## About this exercise
What is needed is the full set of records, word for word, with no pictures.

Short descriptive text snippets
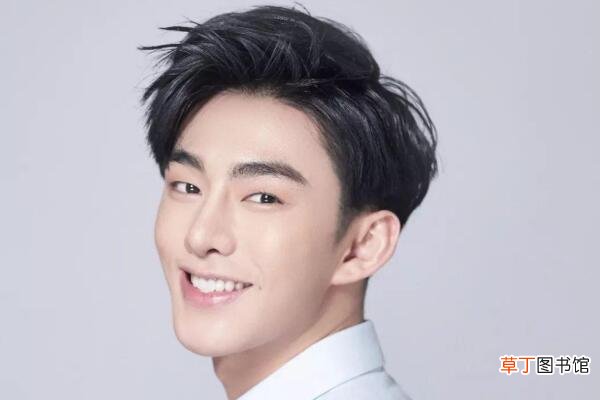 男生脸小剪什么发型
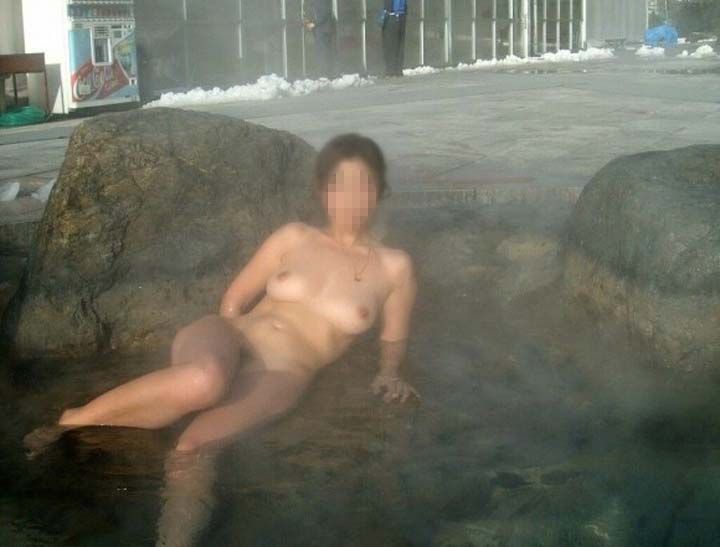 【露天風呂盗撮エロ画像】自然に囲まれた温泉で素人女性たちの全裸を撮影しまくるｗｗｗ-06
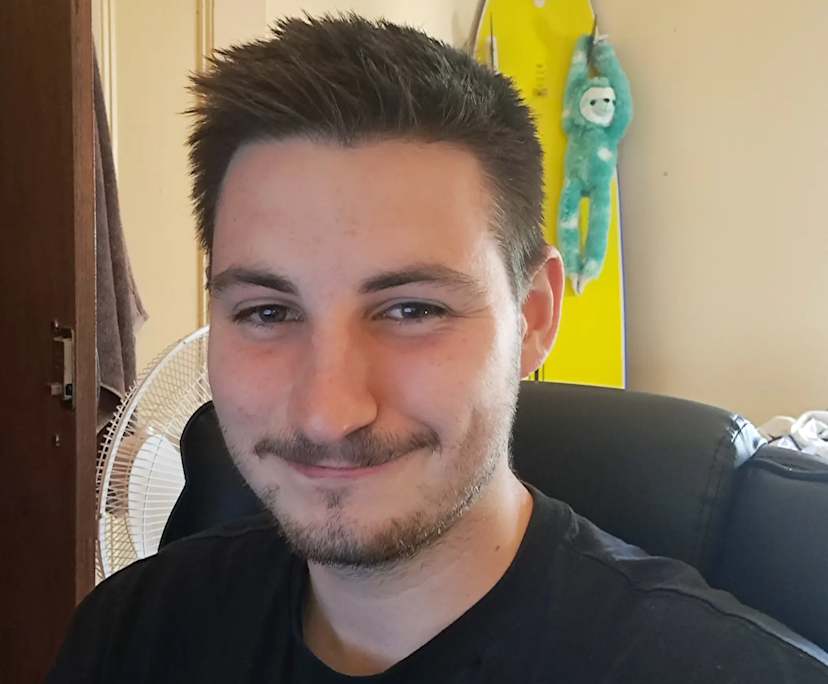 Lucas (21), $350, Non-smoker, Have pets, and No children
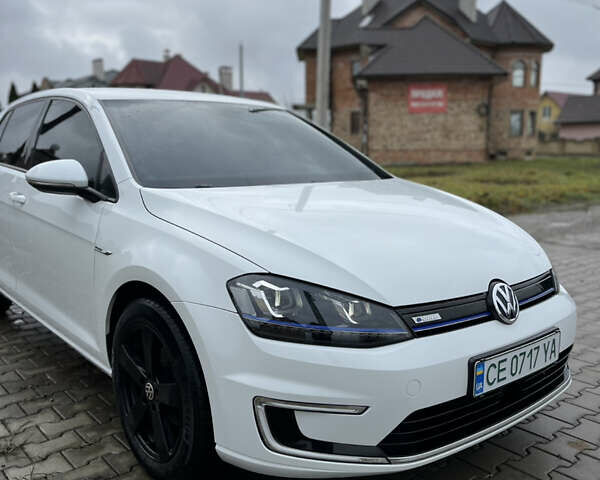 Белый Фольксваген e-Golf, объемом двигателя 0 л и пробегом 104 тыс. км за 9000 $, фото 1 на Automoto.ua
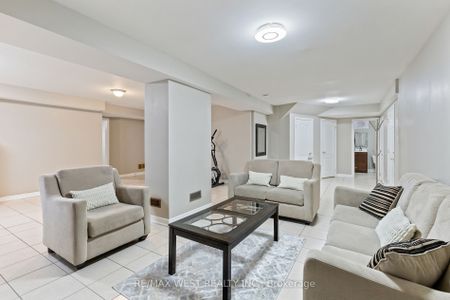 For Lease - 47 Timber Lane, Vaughan, Ontario - Photo 3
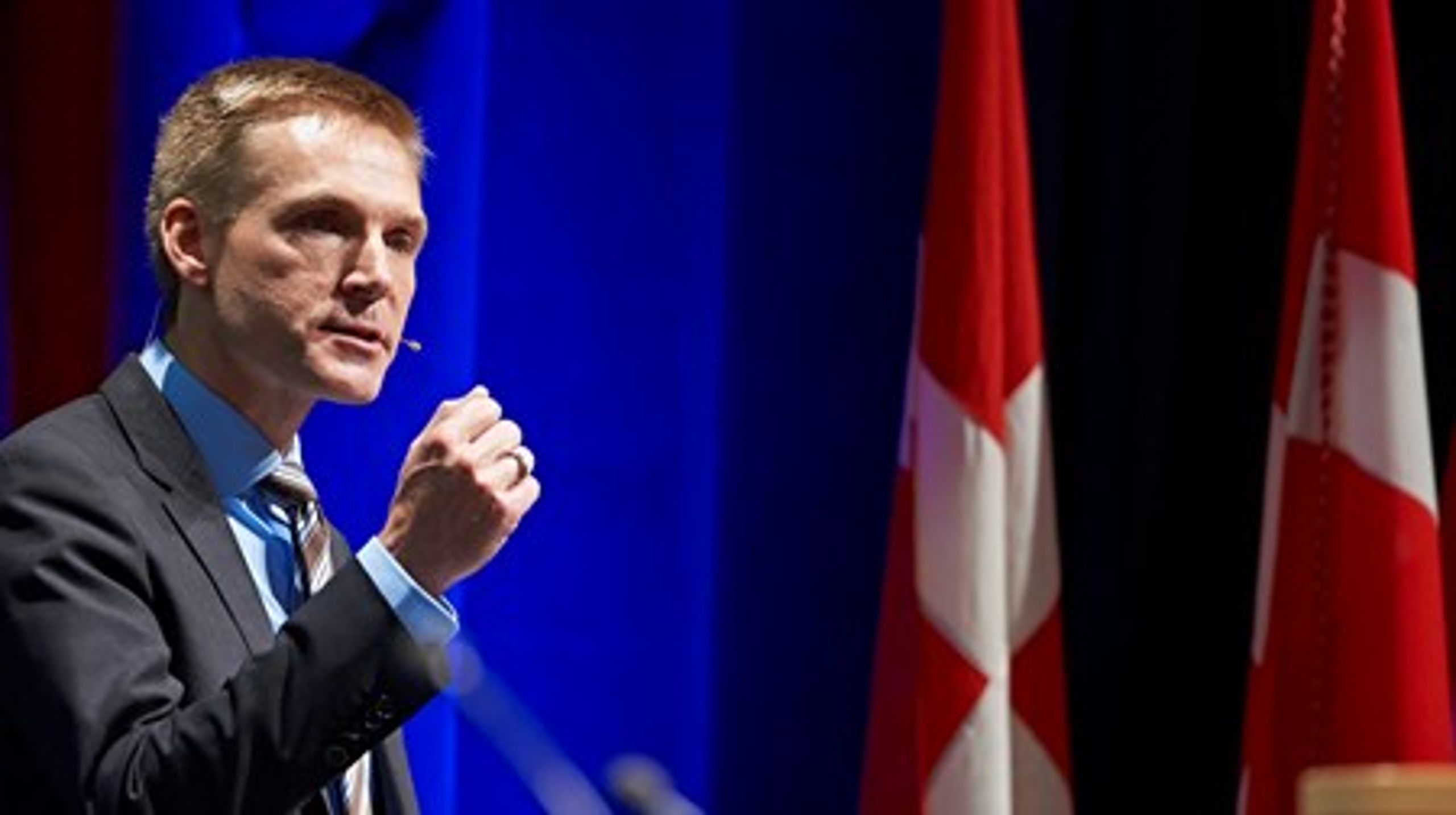 Kristian Thulesen Dahl (DF)&nbsp;er den helt store vinder med EU-udspillet fra blå blok, mener&nbsp;Altingets politiske kommentator, Erik Holstein.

## Finished exercise
 男生脸小剪什么发型
 【露天風呂盗撮エロ画像】自然に囲まれた温泉で素人女性たちの全裸を撮影しまくるｗｗｗ-06
 Lucas (21), $350, Non-smoker, Have pets, and No children
 Белый Фольксваген e-Golf, объемом двигателя 0 л и пробегом 104 тыс. км за 9000 $, фото 1 на Automoto.ua
 For Lease - 47 Timber Lane, Vaughan, Ontario - Photo 3
 Kristian Thulesen Dahl (DF)&nbsp;er den helt store vinder med EU-udspillet fra blå blok, mener&nbsp;Altingets politiske kommentator, Erik Holstein.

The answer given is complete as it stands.